• Exercise:
Give back every entry exactly; drop the pictures.

• Listed records:
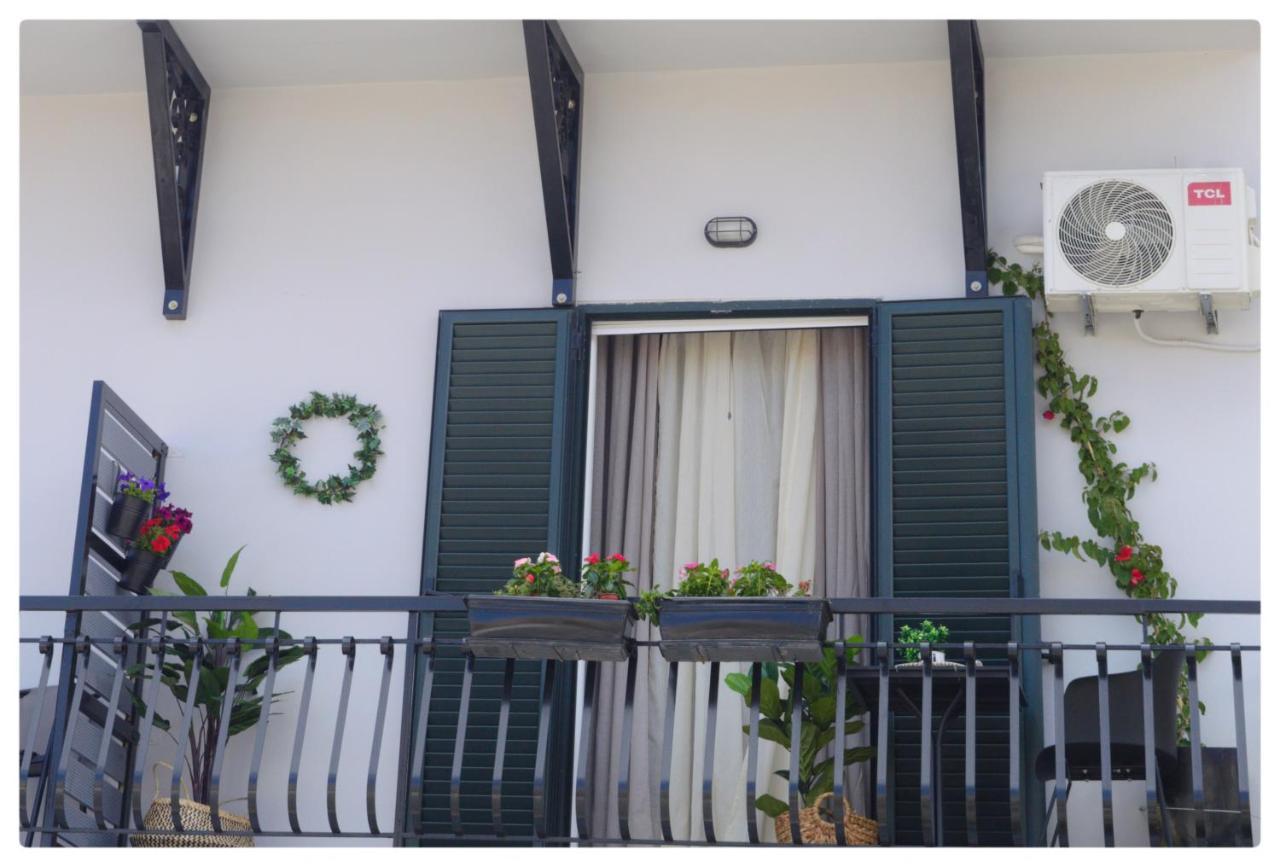 Aelia Apartment Lixouri Exterior photo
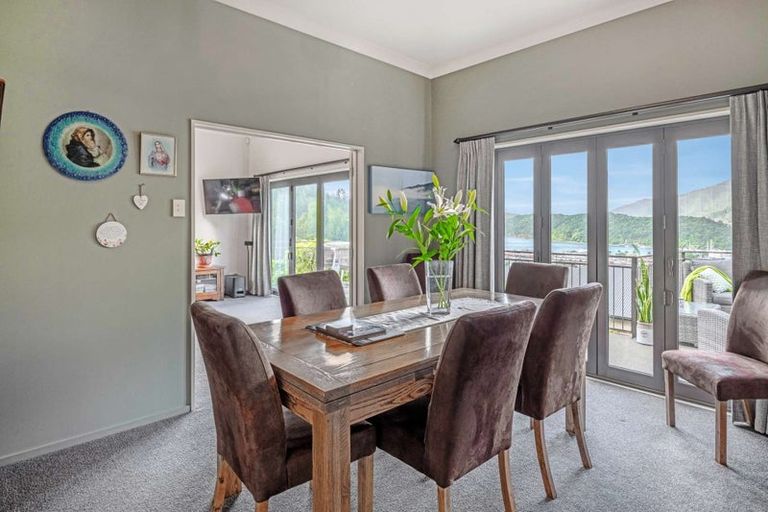 Photo of property in 24 Harbour View Heights, Picton, 7220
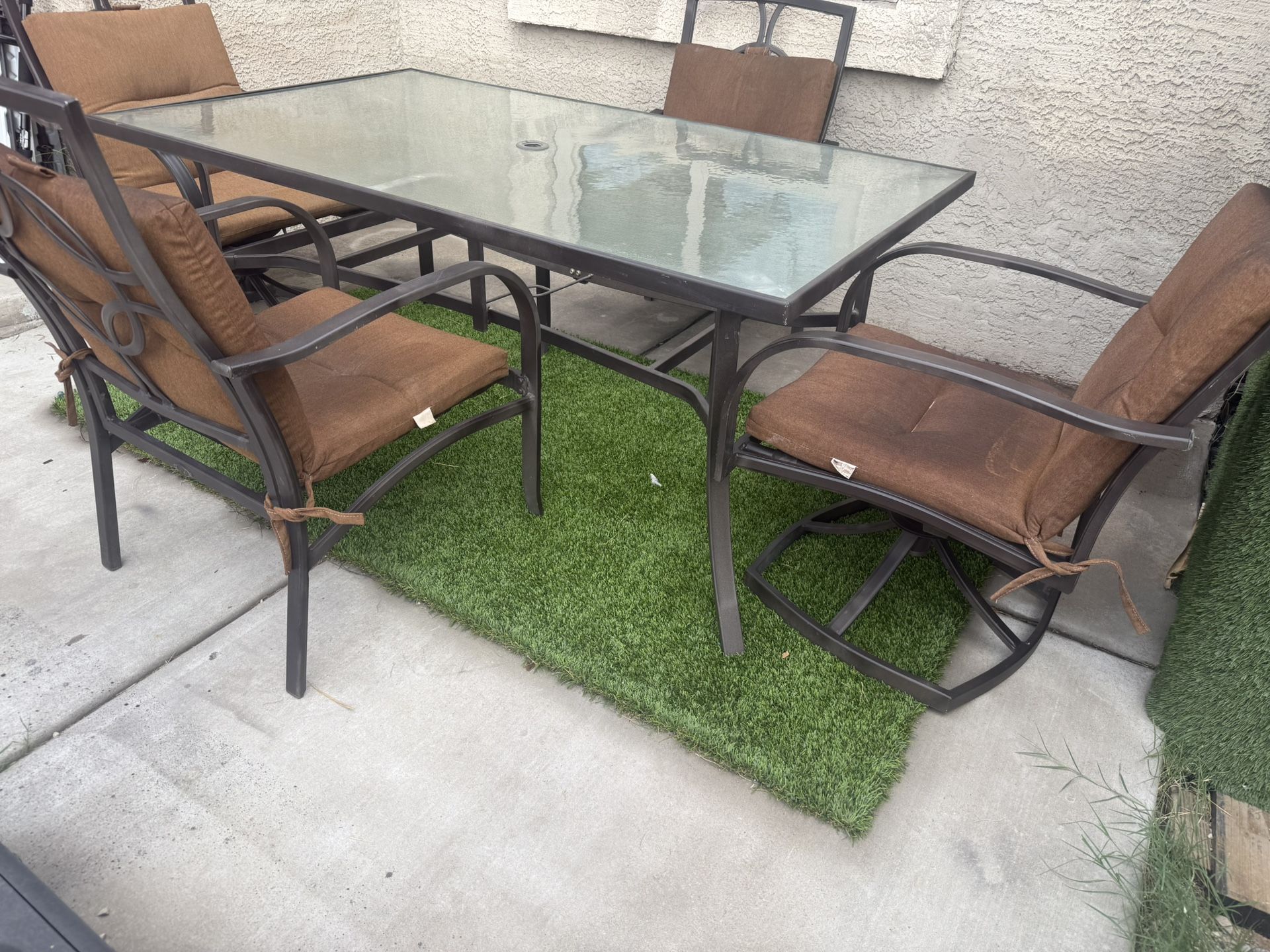 Patio Outdoor Furniture 1 Table And 4 Chairs With Cushions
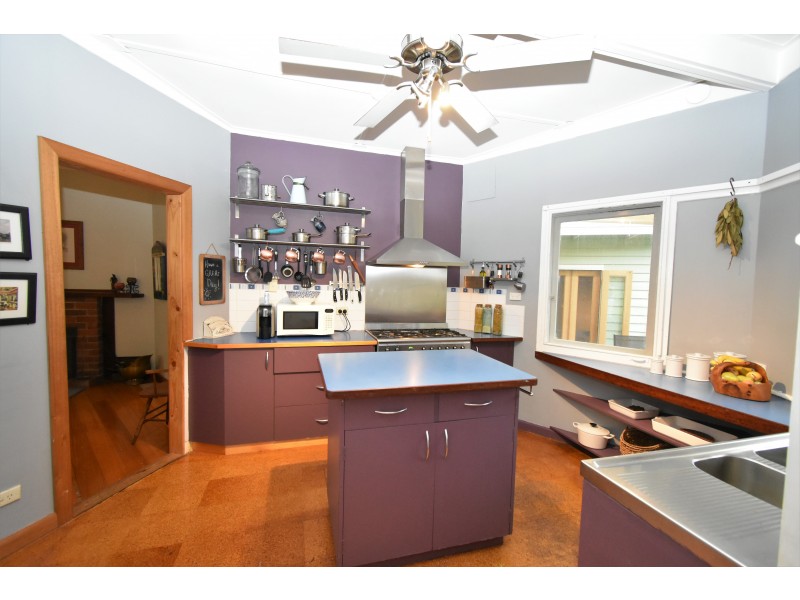 86 MARKWOOD-TARRAWINGEE ROAD, Markwood VIC 3678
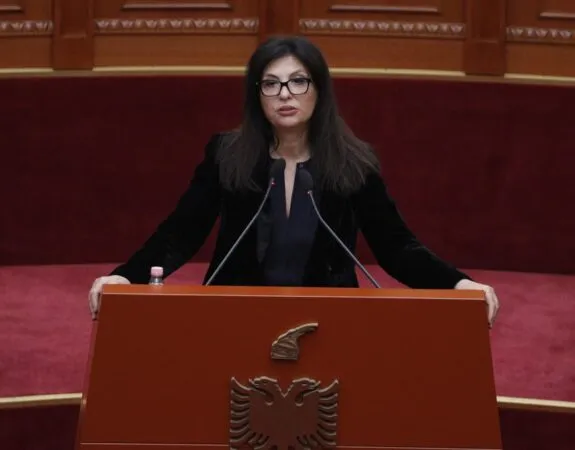 Nga rrugët te spitalet pa drita, Topalli i numëron aferat mazhorancës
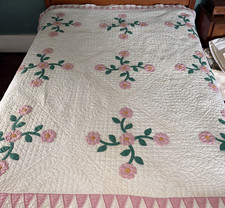 Antique~LOVELY VERY FINELY HAND STITCHED APLIQUE & PIECED WREATH QUILTED 75"X75"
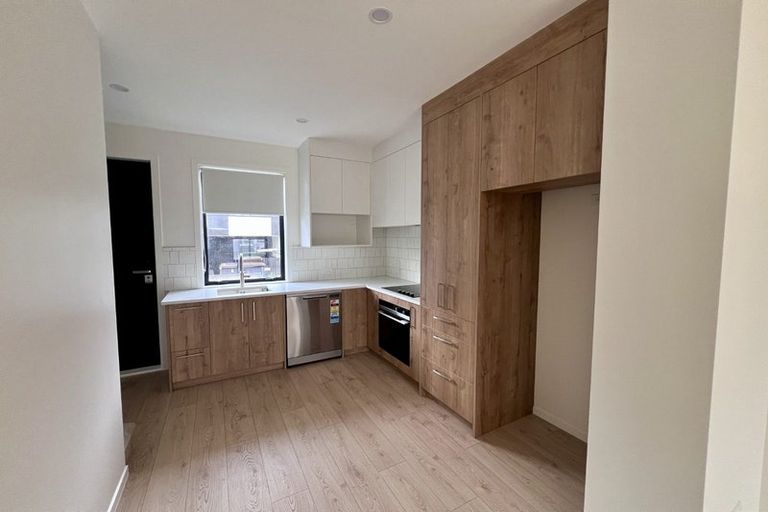 Photo of property in 5/21 Makomako Drive, Orewa, 0931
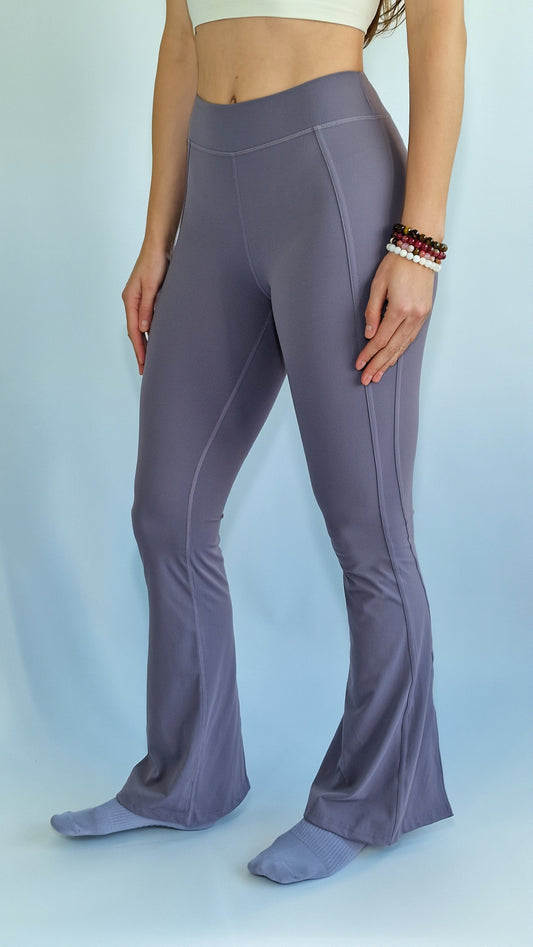 Leggings Flare com Aberturas Laterais Lilas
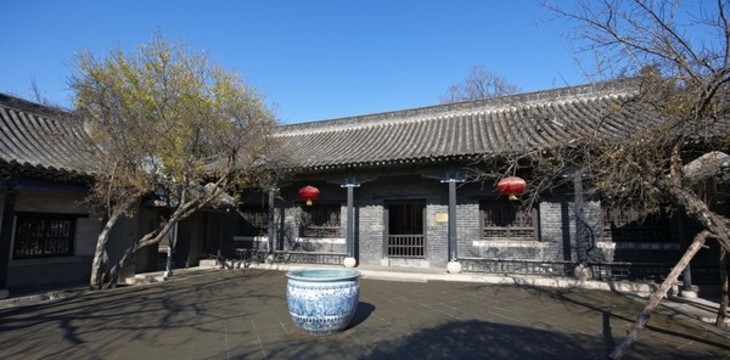 孟俯皺城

• Response to this exercise:
 Aelia Apartment Lixouri Exterior photo
 Photo of property in 24 Harbour View Heights, Picton, 7220
 Patio Outdoor Furniture 1 Table And 4 Chairs With Cushions
 86 MARKWOOD-TARRAWINGEE ROAD, Markwood VIC 3678
 Nga rrugët te spitalet pa drita, Topalli i numëron aferat mazhorancës
 Antique~LOVELY VERY FINELY HAND STITCHED APLIQUE & PIECED WREATH QUILTED 75"X75"
 Photo of property in 5/21 Makomako Drive, Orewa, 0931
 Leggings Flare com Aberturas Laterais Lilas
 孟俯皺城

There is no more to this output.